[Records from a data collection]
= Beginning of Section =
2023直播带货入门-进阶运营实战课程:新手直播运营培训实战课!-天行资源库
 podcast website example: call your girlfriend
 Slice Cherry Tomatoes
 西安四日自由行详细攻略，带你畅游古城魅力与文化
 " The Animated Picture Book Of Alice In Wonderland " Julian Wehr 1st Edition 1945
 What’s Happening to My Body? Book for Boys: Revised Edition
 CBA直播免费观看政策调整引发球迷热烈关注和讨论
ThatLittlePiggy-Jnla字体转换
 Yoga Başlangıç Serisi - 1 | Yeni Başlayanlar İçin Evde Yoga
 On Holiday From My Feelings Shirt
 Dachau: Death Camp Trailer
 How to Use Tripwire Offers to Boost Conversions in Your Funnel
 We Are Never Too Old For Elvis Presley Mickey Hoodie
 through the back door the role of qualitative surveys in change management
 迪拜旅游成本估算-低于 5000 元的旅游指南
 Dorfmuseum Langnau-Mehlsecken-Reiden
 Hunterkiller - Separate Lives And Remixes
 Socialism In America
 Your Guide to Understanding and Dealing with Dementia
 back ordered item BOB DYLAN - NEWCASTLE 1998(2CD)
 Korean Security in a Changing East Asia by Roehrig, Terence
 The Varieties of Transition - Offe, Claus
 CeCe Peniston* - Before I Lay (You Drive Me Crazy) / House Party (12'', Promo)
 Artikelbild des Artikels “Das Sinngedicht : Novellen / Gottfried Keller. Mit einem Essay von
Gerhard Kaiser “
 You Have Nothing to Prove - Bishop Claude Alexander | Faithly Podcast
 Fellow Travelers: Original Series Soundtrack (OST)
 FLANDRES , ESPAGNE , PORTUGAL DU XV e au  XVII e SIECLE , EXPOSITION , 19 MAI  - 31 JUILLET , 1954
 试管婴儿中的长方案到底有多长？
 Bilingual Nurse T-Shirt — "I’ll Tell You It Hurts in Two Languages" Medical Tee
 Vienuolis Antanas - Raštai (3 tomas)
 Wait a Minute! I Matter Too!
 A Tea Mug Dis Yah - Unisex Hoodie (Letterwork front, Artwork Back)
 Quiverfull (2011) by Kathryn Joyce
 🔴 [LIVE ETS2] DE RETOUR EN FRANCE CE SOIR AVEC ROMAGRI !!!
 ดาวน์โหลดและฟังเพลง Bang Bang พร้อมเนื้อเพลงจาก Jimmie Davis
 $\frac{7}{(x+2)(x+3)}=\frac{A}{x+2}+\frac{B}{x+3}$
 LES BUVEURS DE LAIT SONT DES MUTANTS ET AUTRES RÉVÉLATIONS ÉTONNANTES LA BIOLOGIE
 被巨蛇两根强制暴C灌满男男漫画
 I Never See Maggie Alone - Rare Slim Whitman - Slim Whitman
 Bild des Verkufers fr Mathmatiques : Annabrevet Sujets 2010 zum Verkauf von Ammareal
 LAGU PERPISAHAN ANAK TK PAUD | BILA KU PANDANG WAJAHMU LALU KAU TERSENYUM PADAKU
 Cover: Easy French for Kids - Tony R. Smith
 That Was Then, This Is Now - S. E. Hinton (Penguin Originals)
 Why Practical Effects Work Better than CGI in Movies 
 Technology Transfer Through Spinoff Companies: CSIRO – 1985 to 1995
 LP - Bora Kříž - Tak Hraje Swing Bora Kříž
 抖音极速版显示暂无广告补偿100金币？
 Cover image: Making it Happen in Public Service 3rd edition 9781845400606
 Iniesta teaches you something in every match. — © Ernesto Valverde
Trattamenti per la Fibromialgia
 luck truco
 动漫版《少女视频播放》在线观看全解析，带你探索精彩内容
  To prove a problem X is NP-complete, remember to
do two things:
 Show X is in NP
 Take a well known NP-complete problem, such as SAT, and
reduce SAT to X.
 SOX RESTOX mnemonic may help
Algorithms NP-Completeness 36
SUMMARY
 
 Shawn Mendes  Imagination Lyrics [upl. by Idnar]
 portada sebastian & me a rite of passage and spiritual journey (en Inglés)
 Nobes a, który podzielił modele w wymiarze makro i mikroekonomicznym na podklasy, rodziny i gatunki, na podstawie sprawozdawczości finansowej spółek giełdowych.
= End of Section =
Give back, word for word, only the lines above from the line holding "1st Edition 1945" to the line holding "Yoga Başlangıç Serisi", both included.

 " The Animated Picture Book Of Alice In Wonderland " Julian Wehr 1st Edition 1945
 What’s Happening to My Body? Book for Boys: Revised Edition
 CBA直播免费观看政策调整引发球迷热烈关注和讨论
ThatLittlePiggy-Jnla字体转换
 Yoga Başlangıç Serisi - 1 | Yeni Başlayanlar İçin Evde Yoga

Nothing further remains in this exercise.